● **Problem to work on**: Each image should be skipped while the records are restated word for word.

[Start of Attachment]

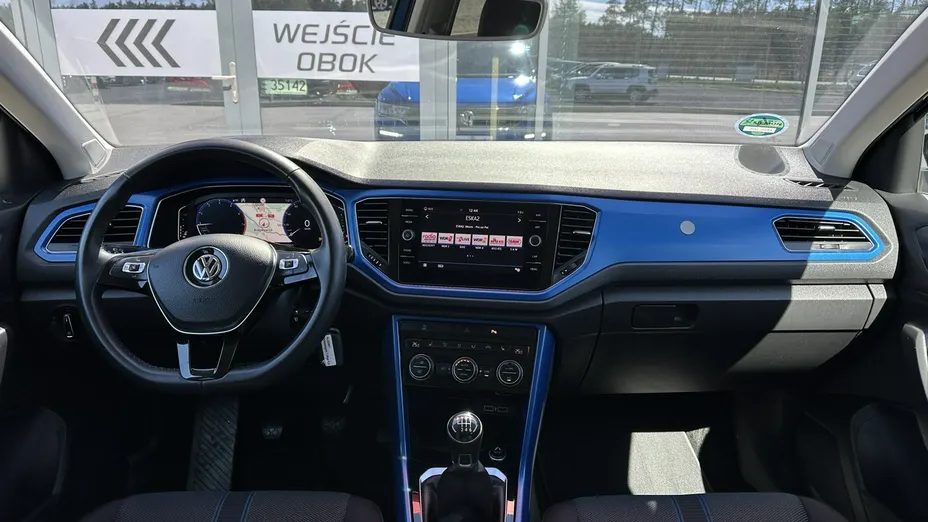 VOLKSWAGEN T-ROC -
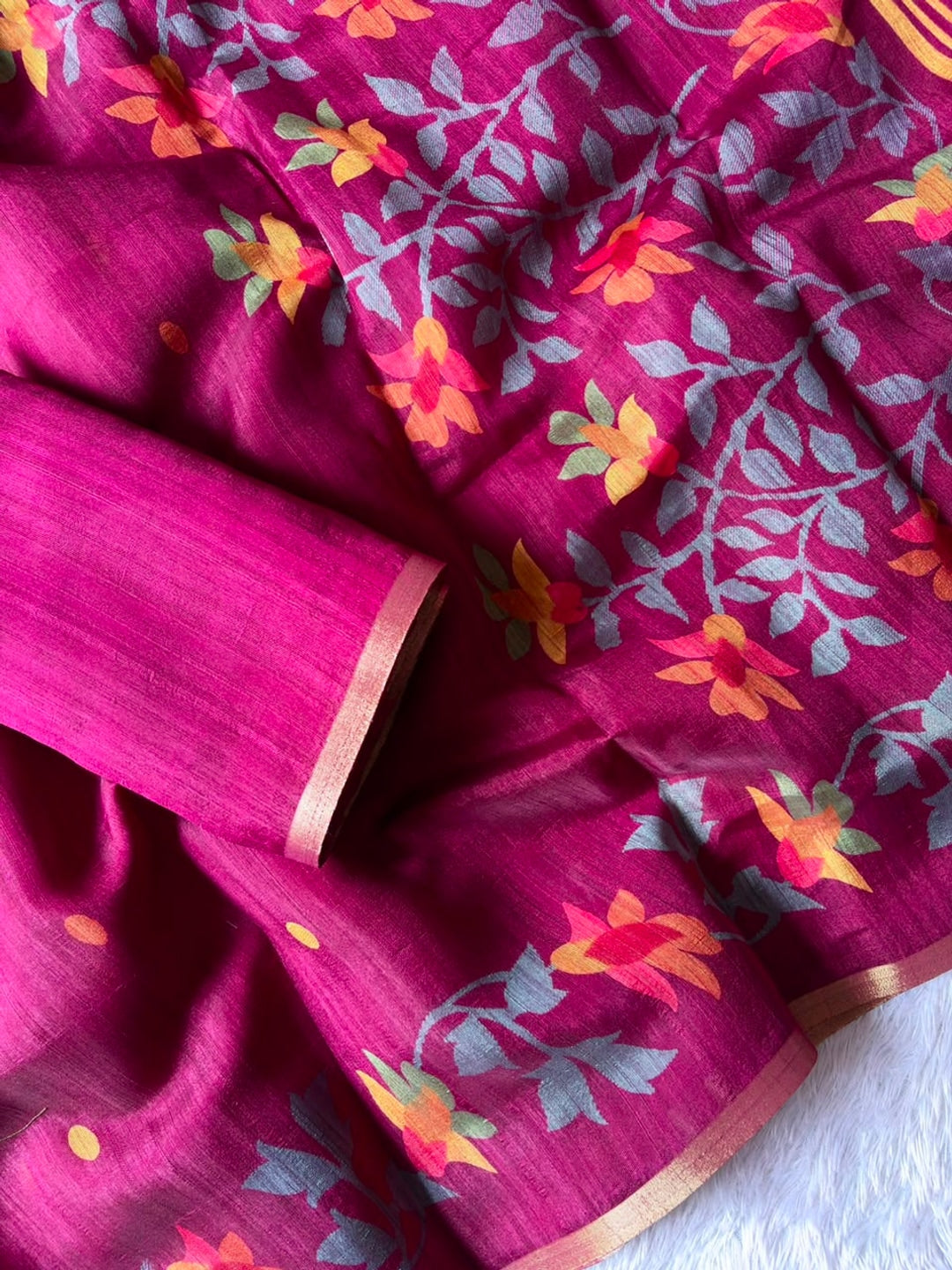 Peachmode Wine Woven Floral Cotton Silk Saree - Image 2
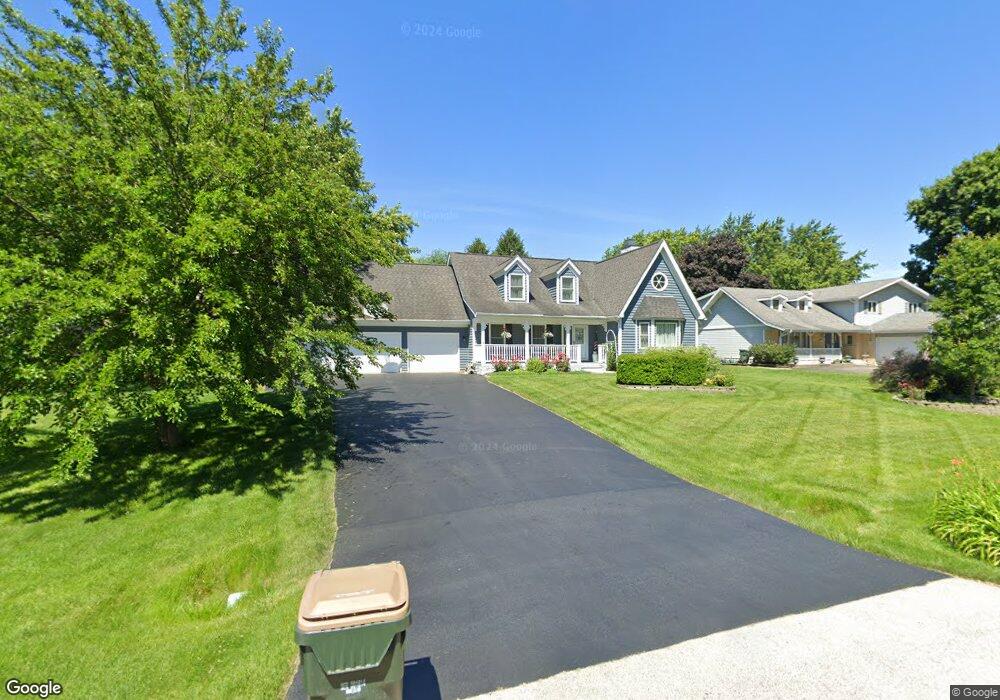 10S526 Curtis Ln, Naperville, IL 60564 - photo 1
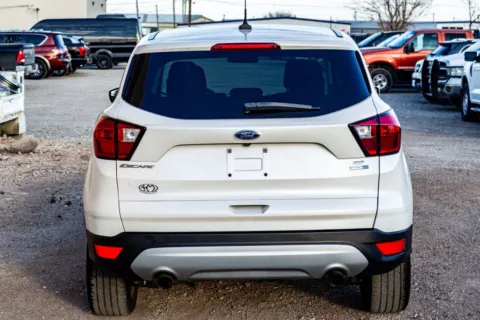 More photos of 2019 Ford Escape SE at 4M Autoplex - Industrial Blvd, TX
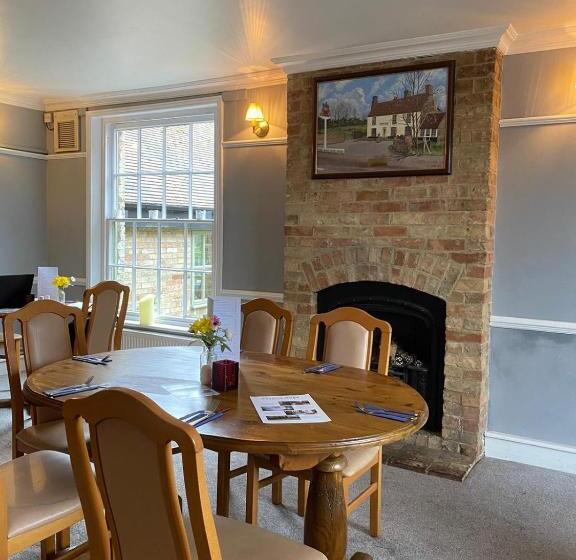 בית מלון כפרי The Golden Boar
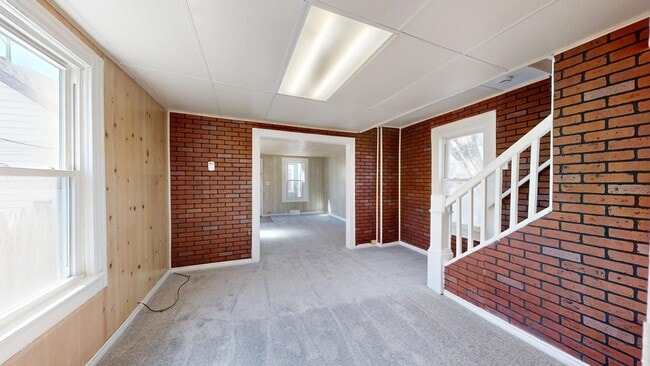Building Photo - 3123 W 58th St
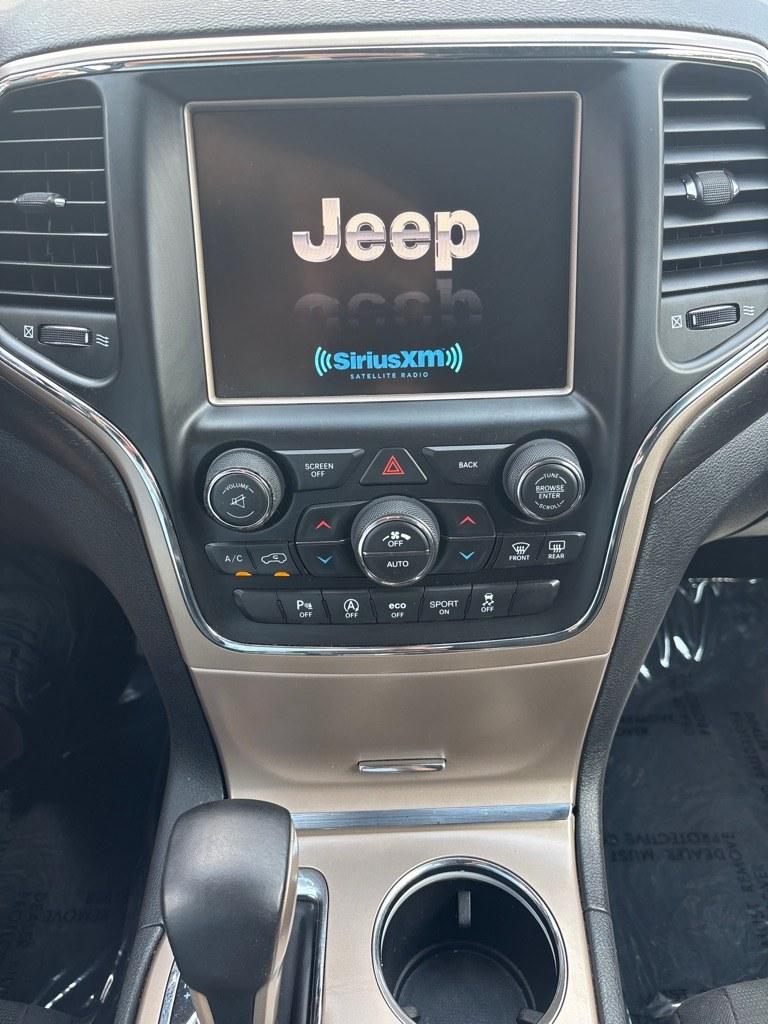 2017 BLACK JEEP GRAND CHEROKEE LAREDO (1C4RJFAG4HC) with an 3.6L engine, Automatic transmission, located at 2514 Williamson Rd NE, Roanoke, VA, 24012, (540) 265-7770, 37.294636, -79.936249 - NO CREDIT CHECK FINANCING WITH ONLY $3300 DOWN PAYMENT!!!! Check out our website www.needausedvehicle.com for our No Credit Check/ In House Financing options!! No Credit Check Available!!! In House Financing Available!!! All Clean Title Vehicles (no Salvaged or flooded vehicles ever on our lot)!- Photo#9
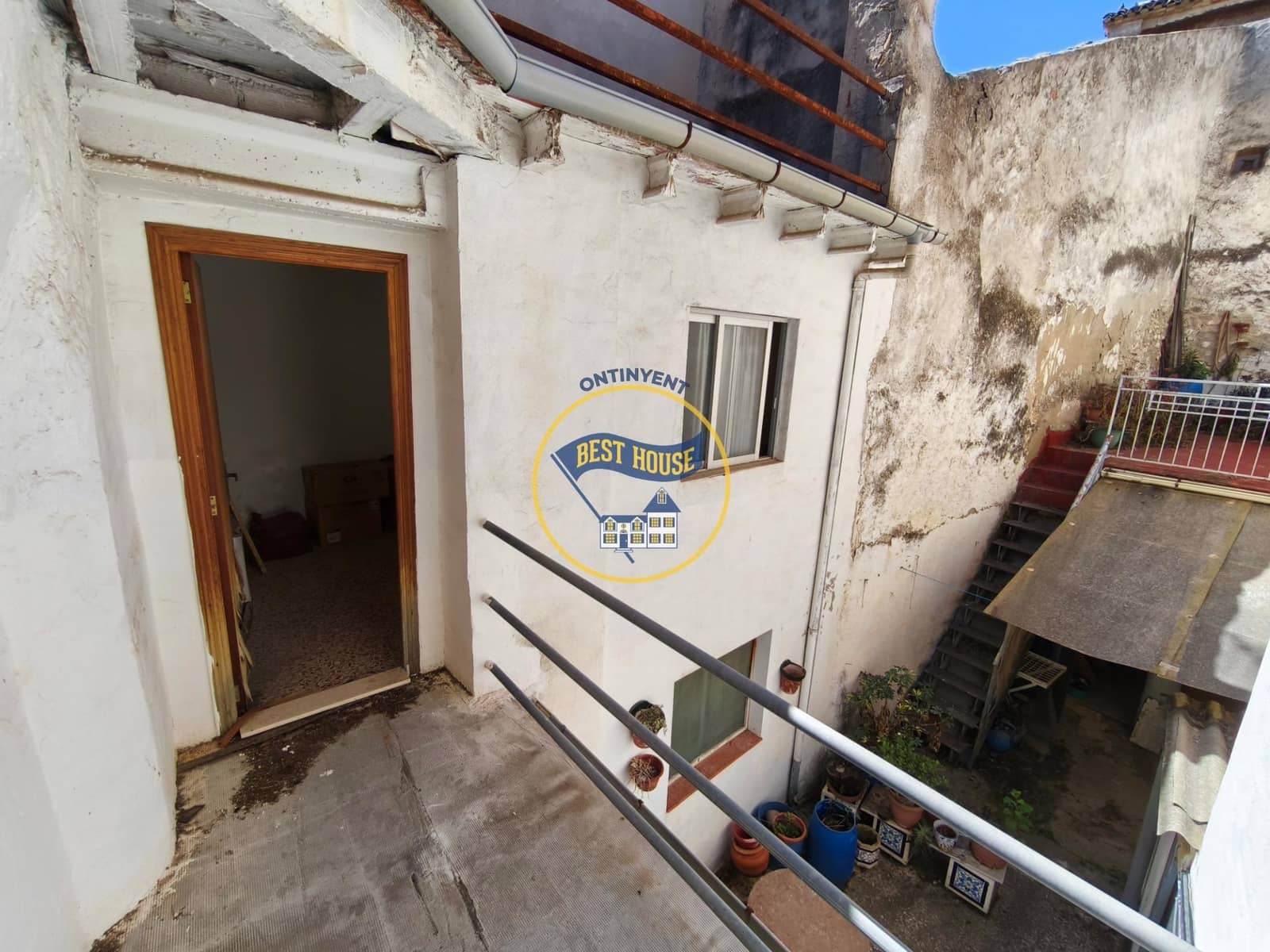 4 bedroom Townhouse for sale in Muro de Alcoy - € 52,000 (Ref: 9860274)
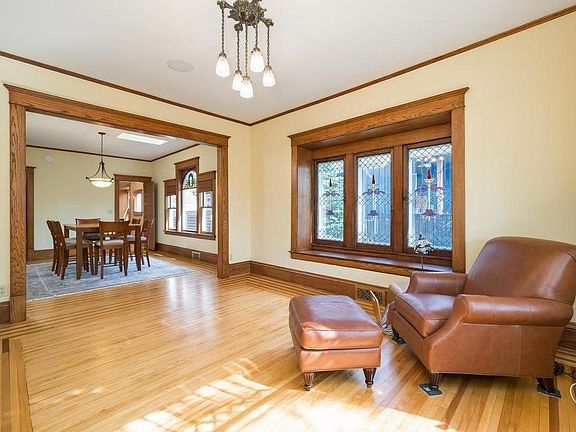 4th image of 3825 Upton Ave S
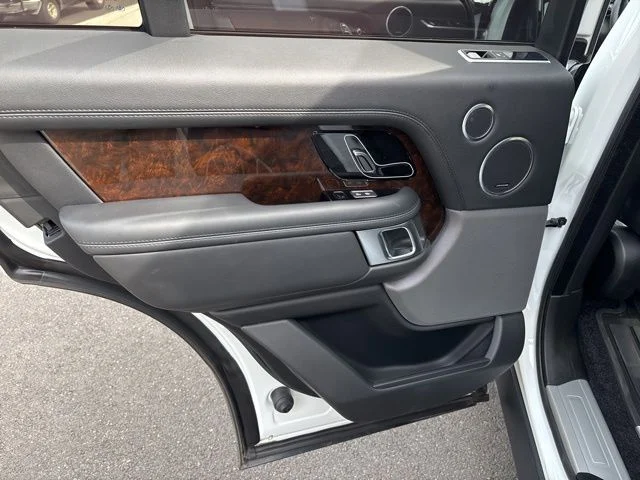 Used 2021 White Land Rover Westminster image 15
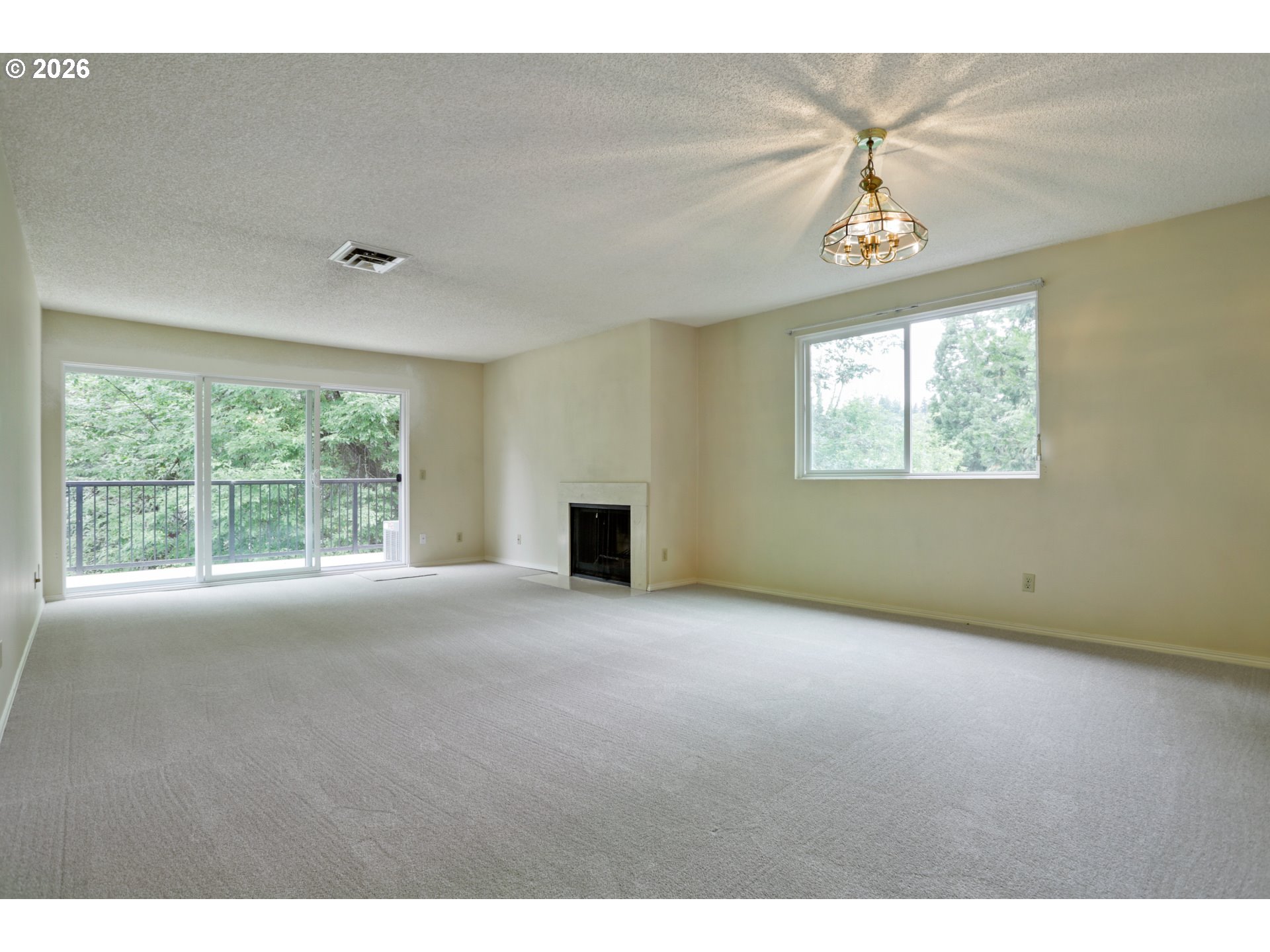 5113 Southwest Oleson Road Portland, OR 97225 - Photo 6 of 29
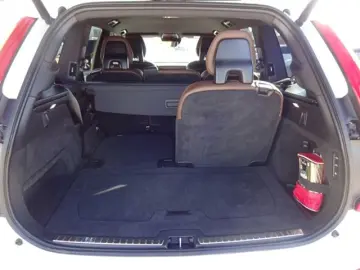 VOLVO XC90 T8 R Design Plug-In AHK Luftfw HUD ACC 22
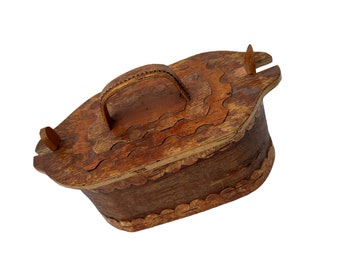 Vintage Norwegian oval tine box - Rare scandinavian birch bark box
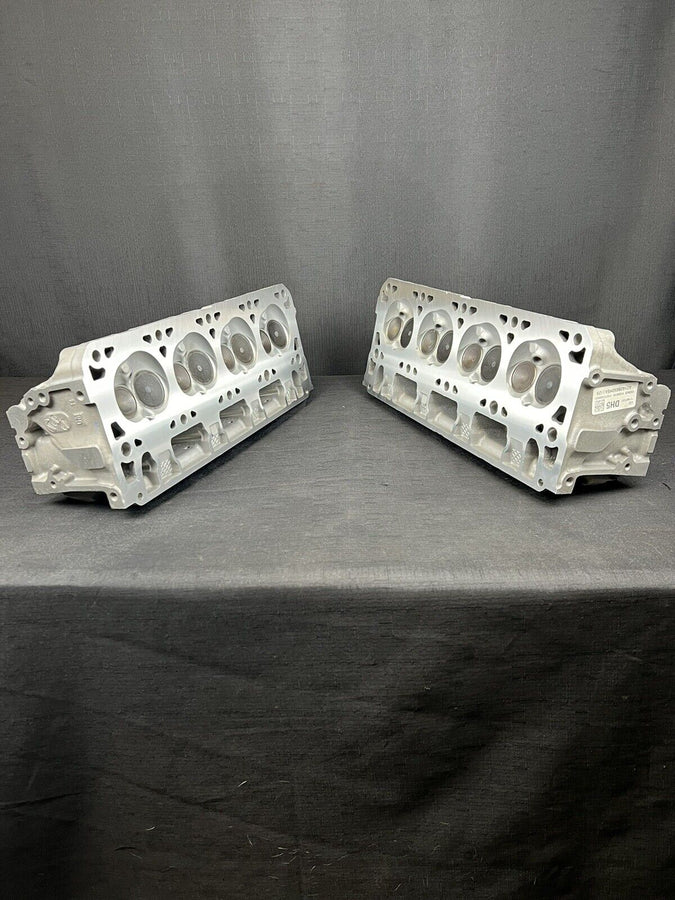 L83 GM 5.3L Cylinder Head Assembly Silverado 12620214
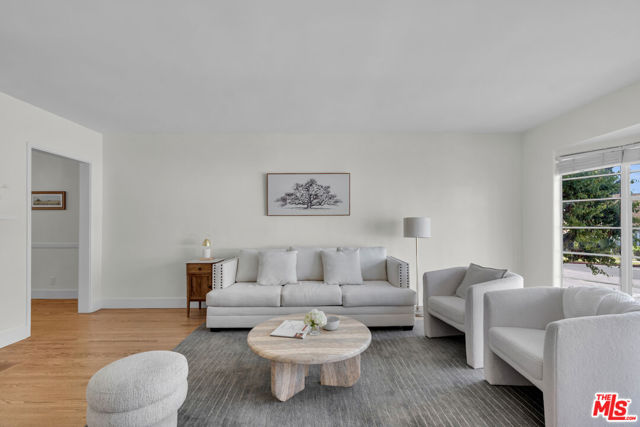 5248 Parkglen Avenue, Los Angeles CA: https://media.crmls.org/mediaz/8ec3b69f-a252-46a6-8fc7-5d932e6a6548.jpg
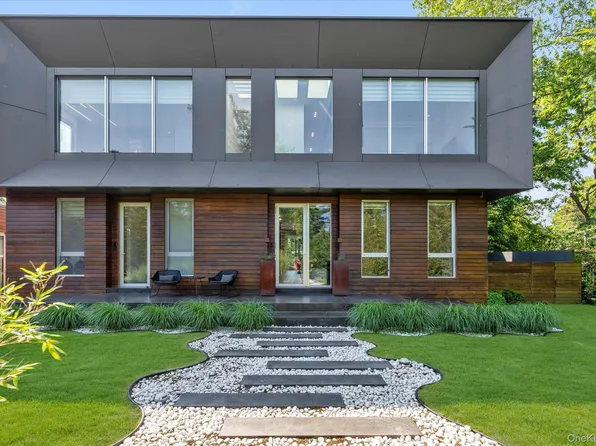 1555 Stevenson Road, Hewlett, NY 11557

[End of Attachment]

● **Result**:
 VOLKSWAGEN T-ROC -
 Peachmode Wine Woven Floral Cotton Silk Saree - Image 2
 10S526 Curtis Ln, Naperville, IL 60564 - photo 1
 More photos of 2019 Ford Escape SE at 4M Autoplex - Industrial Blvd, TX
 בית מלון כפרי The Golden Boar
Building Photo - 3123 W 58th St
 2017 BLACK JEEP GRAND CHEROKEE LAREDO (1C4RJFAG4HC) with an 3.6L engine, Automatic transmission, located at 2514 Williamson Rd NE, Roanoke, VA, 24012, (540) 265-7770, 37.294636, -79.936249 - NO CREDIT CHECK FINANCING WITH ONLY $3300 DOWN PAYMENT!!!! Check out our website www.needausedvehicle.com for our No Credit Check/ In House Financing options!! No Credit Check Available!!! In House Financing Available!!! All Clean Title Vehicles (no Salvaged or flooded vehicles ever on our lot)!- Photo#9
 4 bedroom Townhouse for sale in Muro de Alcoy - € 52,000 (Ref: 9860274)
 4th image of 3825 Upton Ave S
 Used 2021 White Land Rover Westminster image 15
 5113 Southwest Oleson Road Portland, OR 97225 - Photo 6 of 29
 VOLVO XC90 T8 R Design Plug-In AHK Luftfw HUD ACC 22
 Vintage Norwegian oval tine box - Rare scandinavian birch bark box
 L83 GM 5.3L Cylinder Head Assembly Silverado 12620214
 5248 Parkglen Avenue, Los Angeles CA: https://media.crmls.org/mediaz/8ec3b69f-a252-46a6-8fc7-5d932e6a6548.jpg
 1555 Stevenson Road, Hewlett, NY 11557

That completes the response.